Malbouffe

Une alimentation parfaite

Médaillée d’or en plongeon aux Jeux olympiques de Los Angeles, Sylvie Bernier est restée proche des athlètes. Elle a été chef de mission de la délégation canadienne aux Jeux de Pékin et chef de mission adjointe aux Jeux de Londres et de Turin. L’énergique femme de 50 ans est aujourd’hui ambassadrice des saines habitudes de vie de Québec en forme.

Q. Quand des athlètes font la promotion d’aliments peu sains, ça vous interpelle ?

R. C’est sûr que ça m’interpelle. C’est évidemment délicat pour moi, je ne suis pas en position de porter un jugement de valeur. Je peux comprendre qu’à un moment donné, il peut y avoir des difficultés financières dans une carrière d’athlète. Mais aujourd’hui, avec tout ce qu’on sait sur les boissons sucrées, les boissons énergisantes et la malbouffe, c’est sûr que je vois une incohérence totale quand un athlète s’y associe. Un jeune qui consomme une boisson sucrée par jour a 60 % plus de chance de souffrir d’obésité dans sa vie [selon une étude parue dans Lancet]. C’est énorme.

Q. Les sportifs consomment-ils eux-mêmes de la malbouffe ?
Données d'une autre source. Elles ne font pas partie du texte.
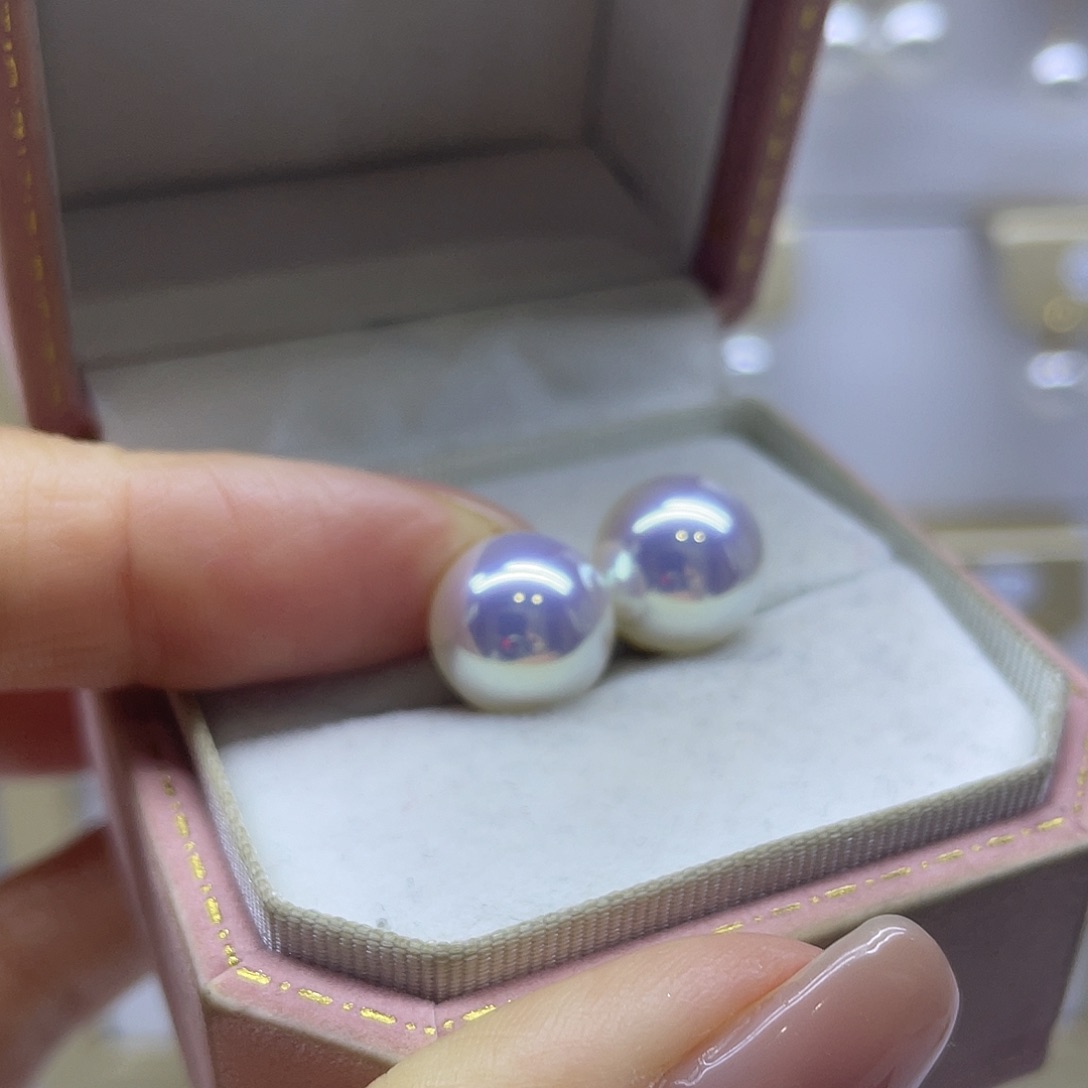 淡水珍珠耳饰银S925镶嵌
R. Un athlète de haut niveau s’alimente parfaitement. J’en suis très consciente, comme je suis encore très près du mouvement olympique. C’est vraiment des aliments d’exception pour eux. Mais les stratégies marketing de ces entreprises visent à aller chercher une clientèle d’adolescents, et les athlètes sont des modèles exceptionnels, des héros pour nos jeunes. L’industrie du tabac utilisait exactement les mêmes stratégies il y a 30 ans.
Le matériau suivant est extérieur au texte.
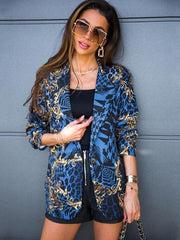 Long-sleeved lapel digital printed blazer - 808Lush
Q. Les athlètes amateurs ont-ils besoin de l’argent des commandites ?

R. Ça dépend. Il y en a pour qui 15 000 $, 20 000 $, 30 000 $ ou 40 000 $ de plus, ça fait une grosse différence. Il y en a d’autres pour qui ce n’est pas nécessaire. Eux doivent vraiment réfléchir, se demander s’ils veulent associer leur nom à une entreprise de malbouffe, pour la vie. Même si le contrat dure un, deux ou trois ans, les gens s’en souviennent longtemps. J’en veux beaucoup plus à l’industrie de s’associer au sport qu’aux athlètes. Quand on a la carotte devant soi, il faut être vraiment fait fort pour dire non.

Q. Pensez-vous que les choses vont changer ?

R. Peut-être que je suis naïve, mais je crois sincèrement qu’on est de plus en plus sensibilisés aux effets néfastes de la malbouffe, à l’augmentation de l’obésité, au lien direct qui a été démontré avec les boissons sucrées. Avant, tu allais t’entraîner à la piscine et il y avait des fumeurs dans les gradins ! Aujourd’hui, on ne peut pas s’imaginer ça, parce qu’il y a vraiment incompatibilité. Si bien que dans 20 ans, peut-être qu’on ne verra plus de boissons sucrées et de malbouffe dans les arénas, les cafétérias, les centres sportifs. Je suis convaincue qu’on va en arriver aux mêmes conclusions qu’avec le tabac et qu’on n’aura pas le choix de légiférer.